Work required – Go from the first line below to the one with "Echter Lorbeer - Laurus nobilis" and print each line exactly.

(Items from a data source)
****************************************

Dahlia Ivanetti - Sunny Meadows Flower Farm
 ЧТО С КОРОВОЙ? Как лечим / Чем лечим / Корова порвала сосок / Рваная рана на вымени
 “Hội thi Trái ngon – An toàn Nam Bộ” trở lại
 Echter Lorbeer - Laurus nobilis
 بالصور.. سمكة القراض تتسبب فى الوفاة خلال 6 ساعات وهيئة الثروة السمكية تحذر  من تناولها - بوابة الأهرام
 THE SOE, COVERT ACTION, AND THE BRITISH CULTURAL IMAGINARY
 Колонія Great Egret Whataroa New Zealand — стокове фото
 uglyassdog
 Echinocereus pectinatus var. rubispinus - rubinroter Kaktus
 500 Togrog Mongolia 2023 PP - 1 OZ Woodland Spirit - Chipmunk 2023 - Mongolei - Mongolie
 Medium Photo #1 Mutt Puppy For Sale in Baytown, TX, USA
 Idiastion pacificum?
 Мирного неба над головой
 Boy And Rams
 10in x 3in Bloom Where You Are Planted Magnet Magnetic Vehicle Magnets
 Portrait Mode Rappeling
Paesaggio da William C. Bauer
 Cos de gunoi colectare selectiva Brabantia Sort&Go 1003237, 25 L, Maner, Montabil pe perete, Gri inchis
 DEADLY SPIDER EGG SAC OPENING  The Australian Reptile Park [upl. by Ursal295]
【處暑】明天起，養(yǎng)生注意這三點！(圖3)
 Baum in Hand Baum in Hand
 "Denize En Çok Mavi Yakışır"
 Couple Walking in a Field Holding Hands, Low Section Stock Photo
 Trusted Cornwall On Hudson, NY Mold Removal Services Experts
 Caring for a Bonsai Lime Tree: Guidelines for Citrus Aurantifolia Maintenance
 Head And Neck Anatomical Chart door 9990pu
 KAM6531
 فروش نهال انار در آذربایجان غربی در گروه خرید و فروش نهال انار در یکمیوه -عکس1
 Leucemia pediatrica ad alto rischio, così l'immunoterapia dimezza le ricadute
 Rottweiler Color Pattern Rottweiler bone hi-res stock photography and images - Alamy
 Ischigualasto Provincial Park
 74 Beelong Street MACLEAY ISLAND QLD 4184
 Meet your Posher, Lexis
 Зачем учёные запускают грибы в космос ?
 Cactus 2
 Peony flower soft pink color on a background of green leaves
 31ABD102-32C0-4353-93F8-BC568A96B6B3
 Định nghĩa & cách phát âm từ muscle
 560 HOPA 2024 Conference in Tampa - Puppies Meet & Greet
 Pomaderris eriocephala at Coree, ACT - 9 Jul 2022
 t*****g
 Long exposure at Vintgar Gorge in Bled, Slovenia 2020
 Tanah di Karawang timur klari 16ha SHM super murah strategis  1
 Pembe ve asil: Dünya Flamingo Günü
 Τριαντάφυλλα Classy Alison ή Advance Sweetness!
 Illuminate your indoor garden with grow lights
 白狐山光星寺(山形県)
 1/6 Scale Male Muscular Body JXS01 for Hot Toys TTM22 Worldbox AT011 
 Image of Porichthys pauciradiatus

****************************************

Output for this task –
Dahlia Ivanetti - Sunny Meadows Flower Farm
 ЧТО С КОРОВОЙ? Как лечим / Чем лечим / Корова порвала сосок / Рваная рана на вымени
 “Hội thi Trái ngon – An toàn Nam Bộ” trở lại
 Echter Lorbeer - Laurus nobilis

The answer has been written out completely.